__EXERCISE REQUIREMENTS__:
Copy out every line of the data exactly; do not include the images.

[TASK INPUT]

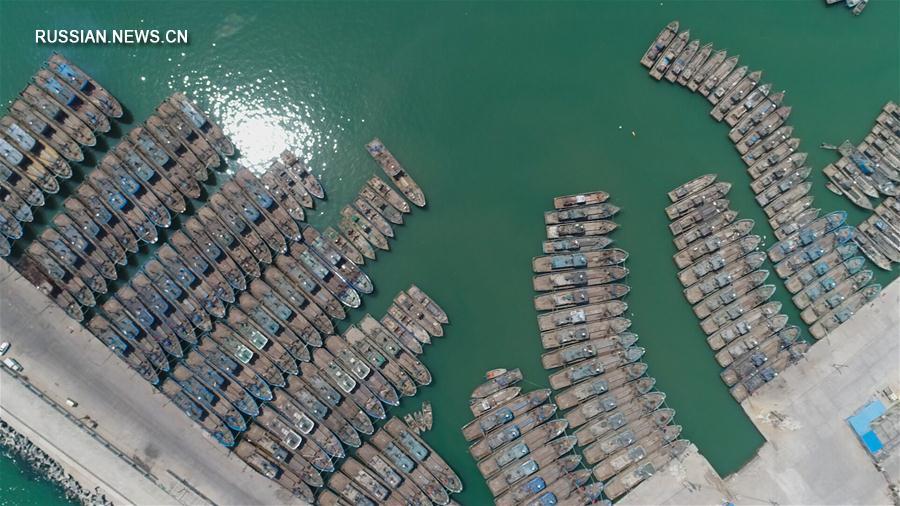 В Китае вступил в действие сезонный запрет на лов рыбы
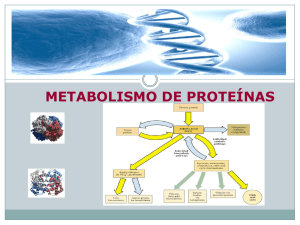 metabolismo de proteínas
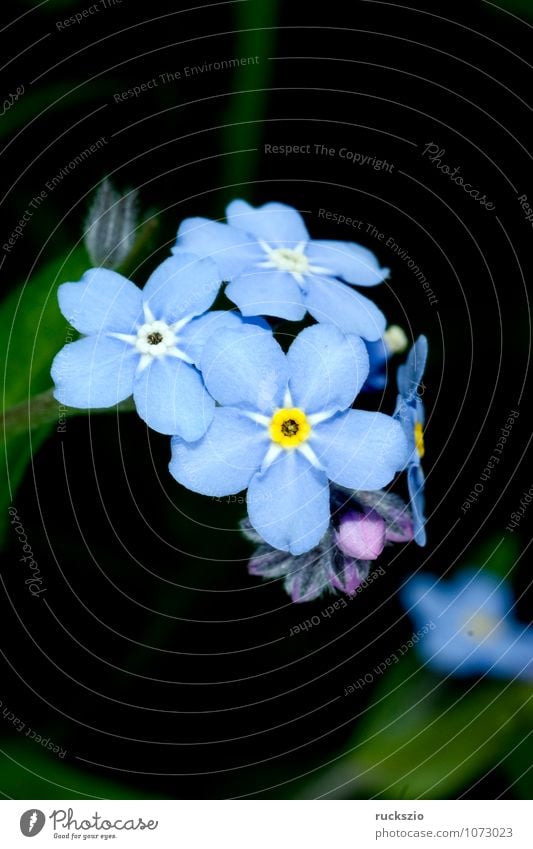 Sumpfvergissmeinnicht, Myosotis palustris Sommer Natur Pflanze Blume Blüte Blühend frei blau schwarz Vergißmeinnicht sylvatica Raublattgewächs Sommerblumen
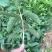珍珠番石榴苗30~50cm（杯苗）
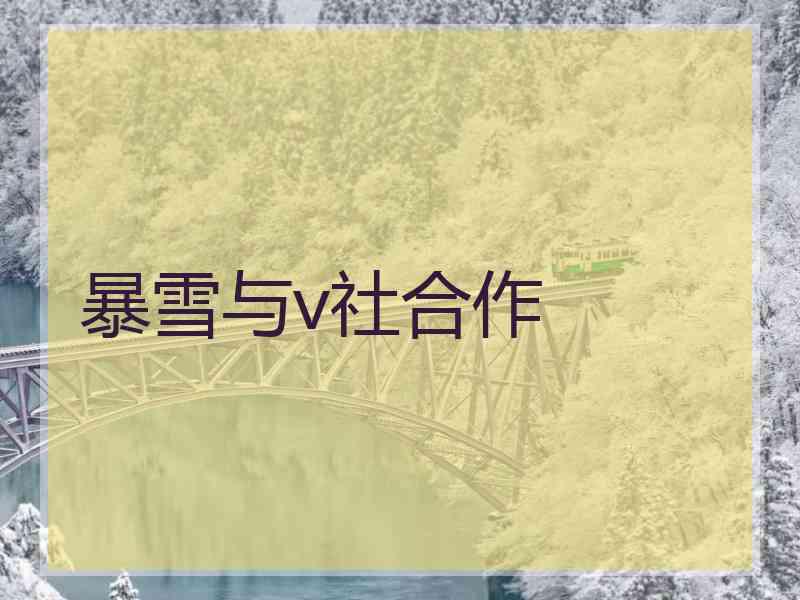暴雪与v社合作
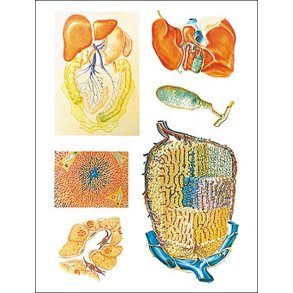 Leveren. Planche 84x118cm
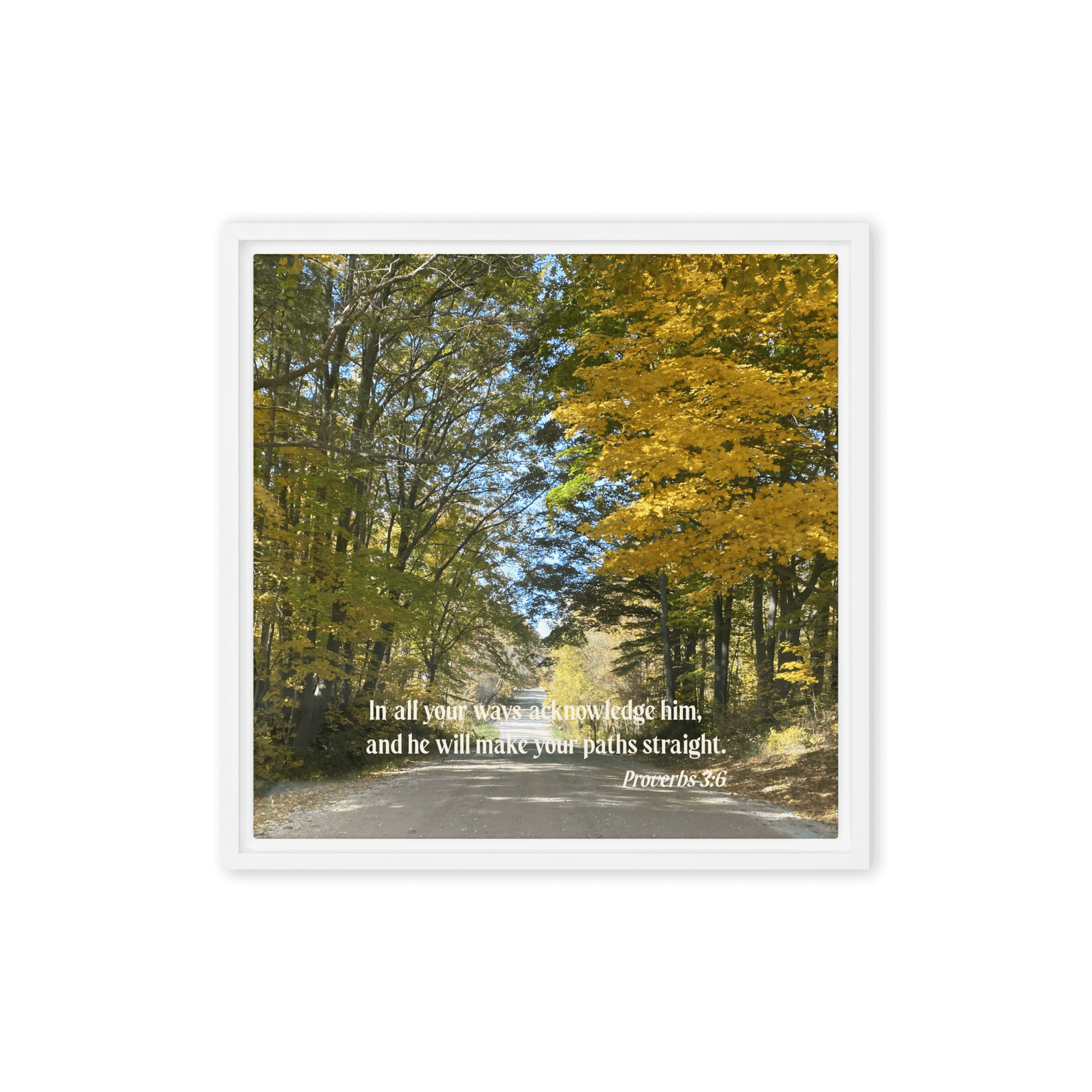 Proverbs 3:6 Bible Verse, Fall Road Framed Canvas Print Wall Art White 16″×16″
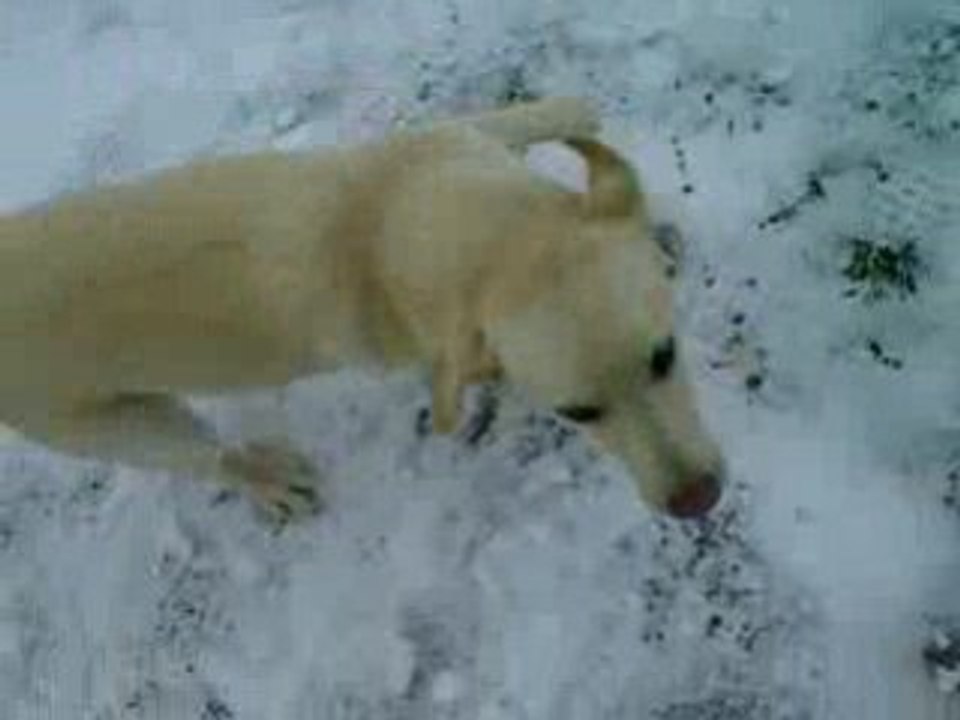 mon chien dipsy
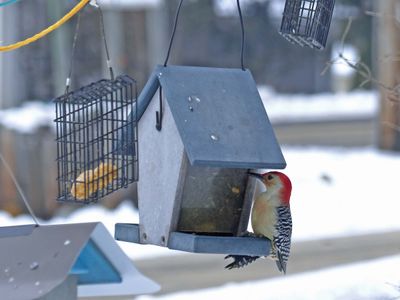 26 Jan Red-bellied woodpecker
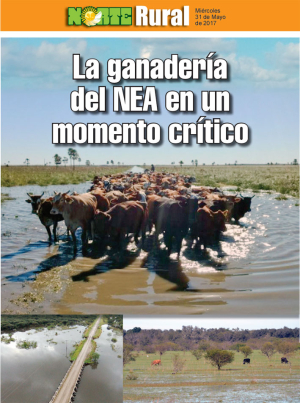 La ganadería del NEA en un momento crítico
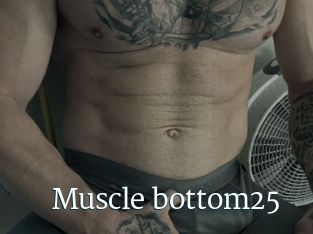 Muscle_bottom25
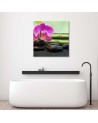 Pictures on Canvas for living room Flowering orchid on black stones | FEEBY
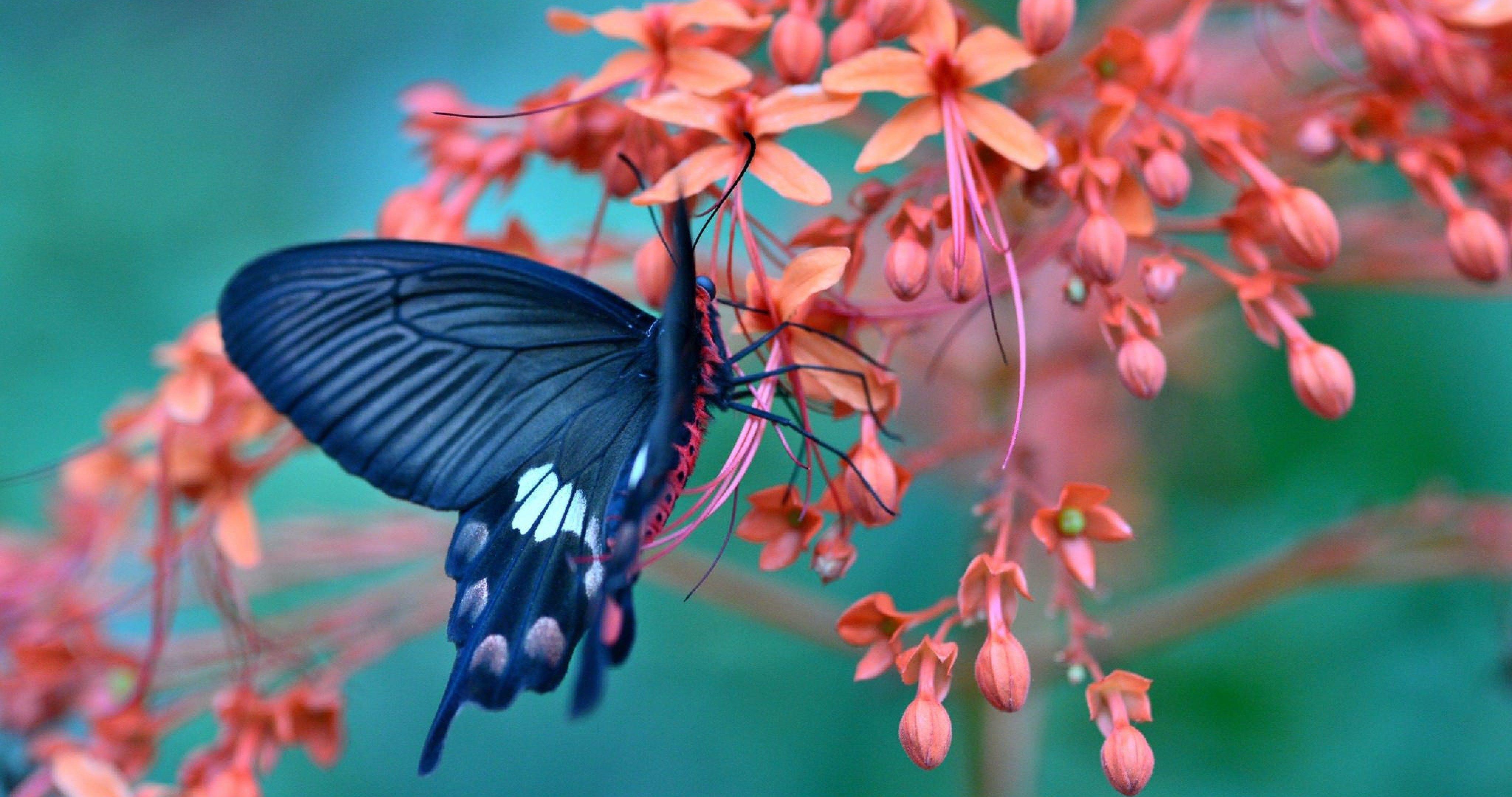 Butterfly Desktop Wallpaper 4K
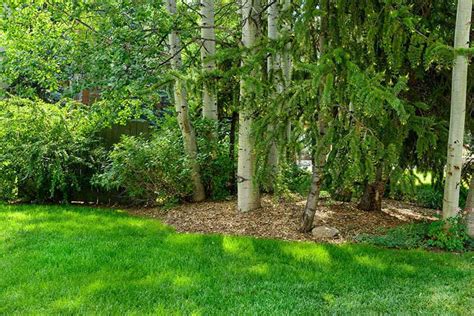 How to Grow Grass in Shaded Areas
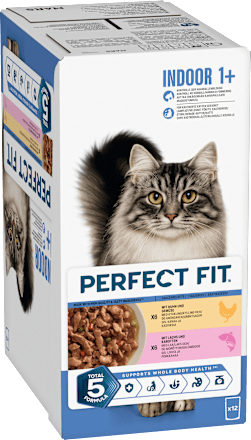Nassfutter Katze mit Huhn & Lachs, Indoor Multipack (12x85 g), 1.020 g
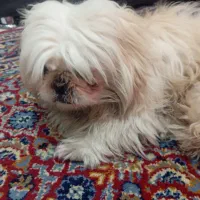 واگذاری پاپی|سگ|گلبهار, شهر جدید گلبهار|دیوار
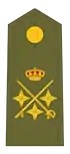 Teniente general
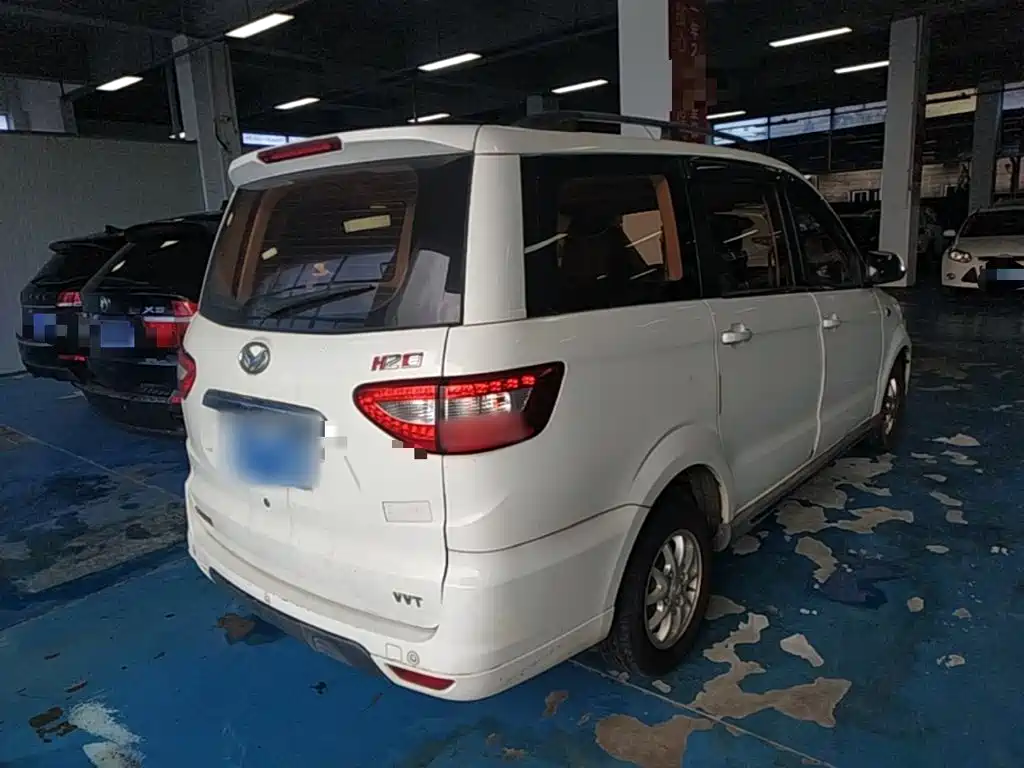 Huasu Huansu H2 — миниатюра 7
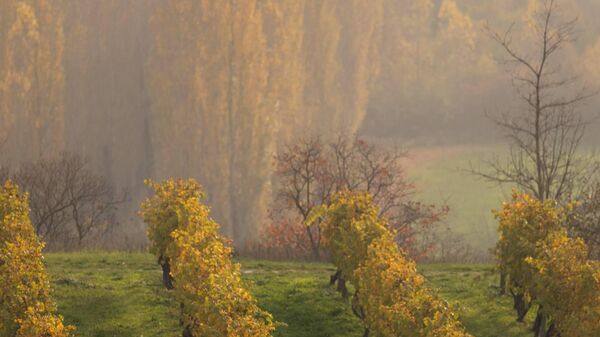 Виноградники Винного дома Бюрнье. Ноябрь, 2025.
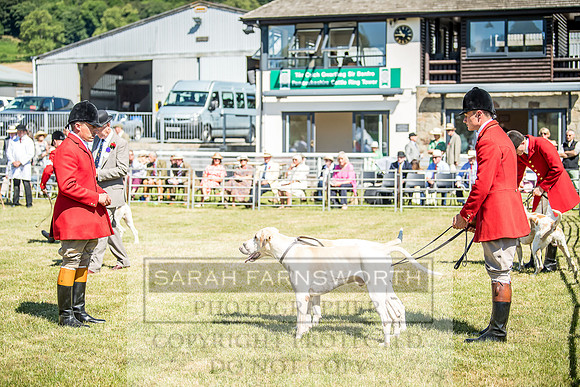 Builth Hound Show 2018-36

[/TASK INPUT]

__SOLUTION TO THIS EXERCISE__:
 В Китае вступил в действие сезонный запрет на лов рыбы
 metabolismo de proteínas
 Sumpfvergissmeinnicht, Myosotis palustris Sommer Natur Pflanze Blume Blüte Blühend frei blau schwarz Vergißmeinnicht sylvatica Raublattgewächs Sommerblumen
珍珠番石榴苗30~50cm（杯苗）
暴雪与v社合作
 Leveren. Planche 84x118cm
 Proverbs 3:6 Bible Verse, Fall Road Framed Canvas Print Wall Art White 16″×16″
 mon chien dipsy
 26 Jan Red-bellied woodpecker
 La ganadería del NEA en un momento crítico
 Muscle_bottom25
 Pictures on Canvas for living room Flowering orchid on black stones | FEEBY
 Butterfly Desktop Wallpaper 4K
 How to Grow Grass in Shaded Areas
Nassfutter Katze mit Huhn & Lachs, Indoor Multipack (12x85 g), 1.020 g
 واگذاری پاپی|سگ|گلبهار, شهر جدید گلبهار|دیوار
 Teniente general
 Huasu Huansu H2 — миниатюра 7
 Виноградники Винного дома Бюрнье. Ноябрь, 2025.
 Builth Hound Show 2018-36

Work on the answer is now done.